**** Data excerpts ****

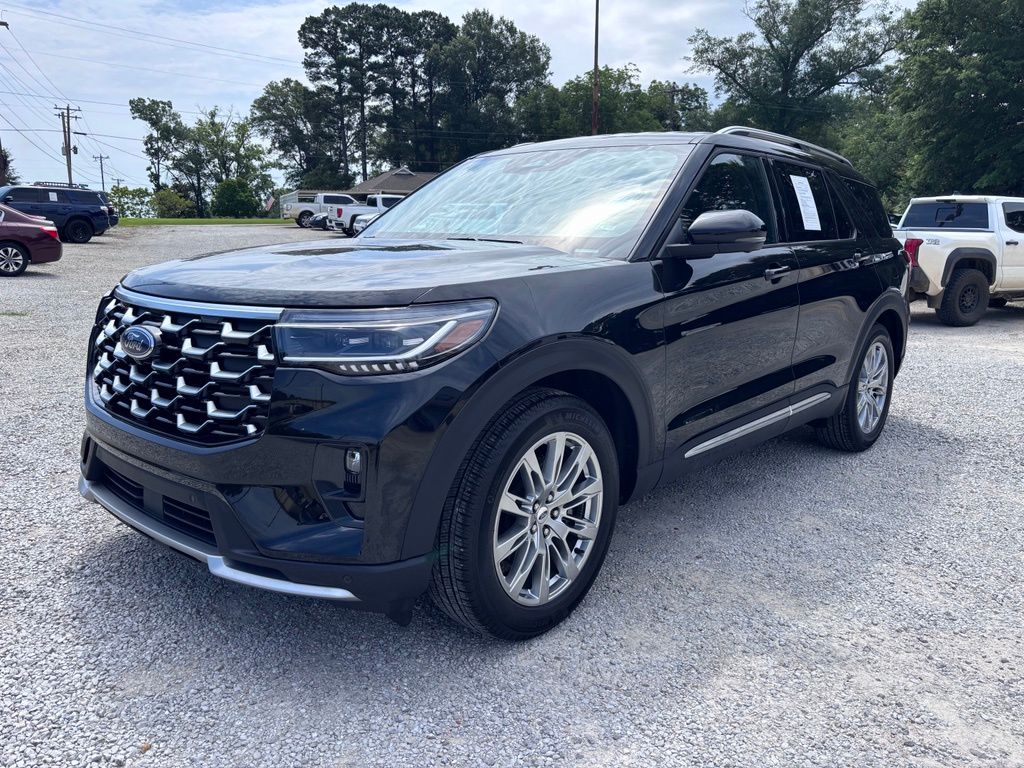 2026 Ford Explorer Platinum's photo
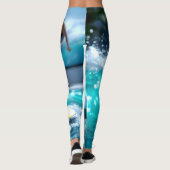 Surreal Mouse Surfing Digital Waves – Whimsical Te Leggings (Achterkant)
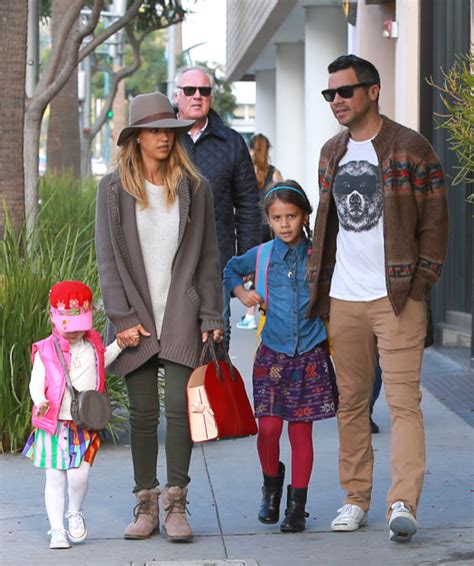 Jessica Alba & Family Enjoy Saturday Brunch | Celeb Baby Laundry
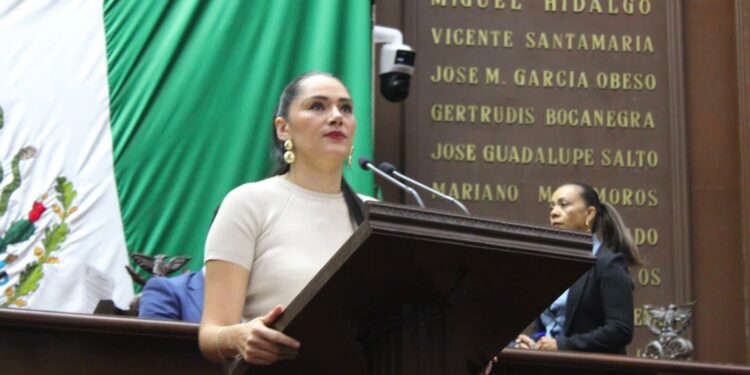 En Michoacán debemos garantizar el derecho humano a un medio ambiente sano: Diana Espinoza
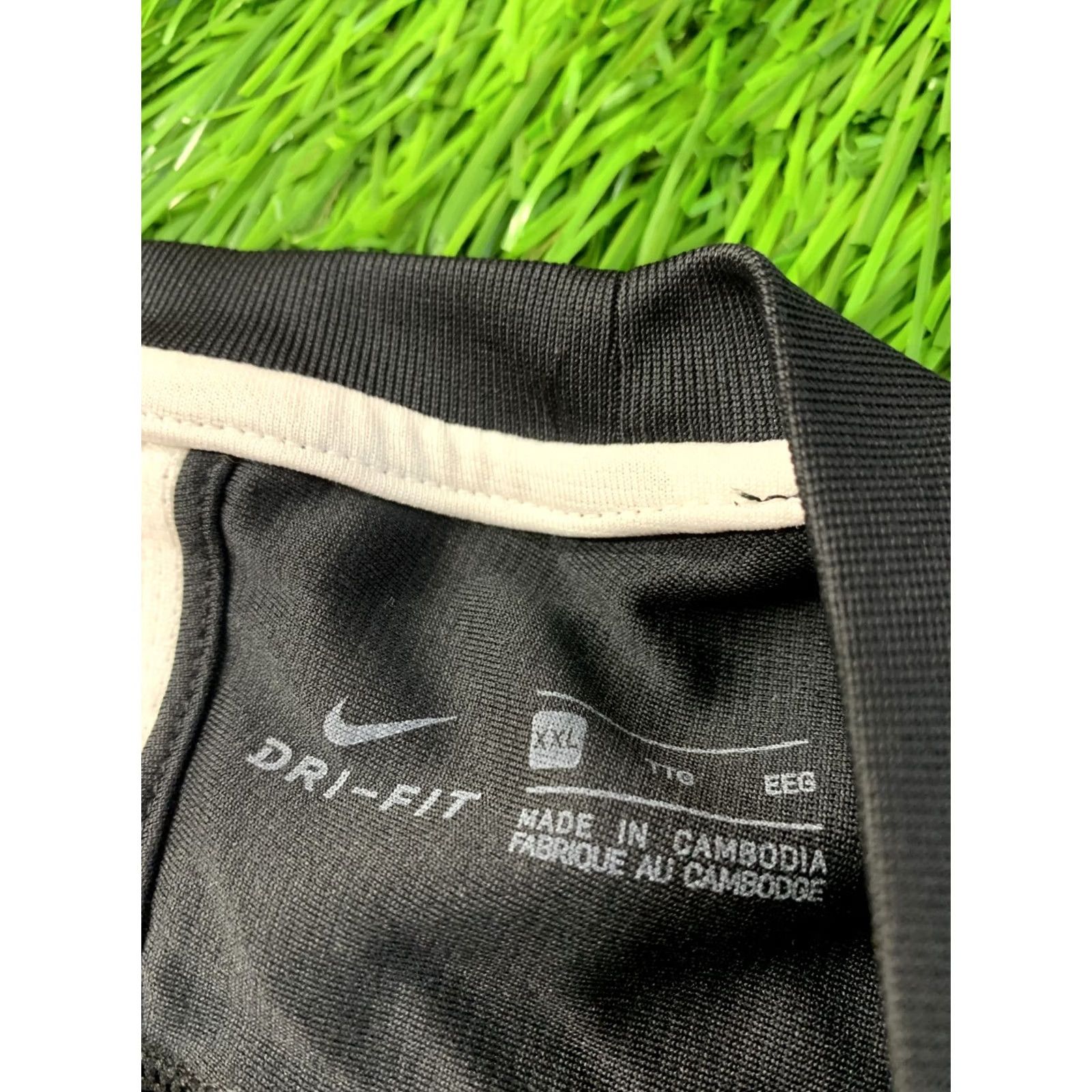 Nike Nike Academy Dri-FIT Football Shirt XXL Men Black and White Soccer Jersey T-Shirt 2019 Model Size US XXL / EU 58 / 5 - 5 Thumbnail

****

Try it: Output verbatim the lines beginning at the line with "Celeb Baby Laundry" and ending at the last line of the material above, inclusive. Do not carry over any pictures.

Task output:
 Jessica Alba & Family Enjoy Saturday Brunch | Celeb Baby Laundry
 En Michoacán debemos garantizar el derecho humano a un medio ambiente sano: Diana Espinoza
 Nike Nike Academy Dri-FIT Football Shirt XXL Men Black and White Soccer Jersey T-Shirt 2019 Model Size US XXL / EU 58 / 5 - 5 Thumbnail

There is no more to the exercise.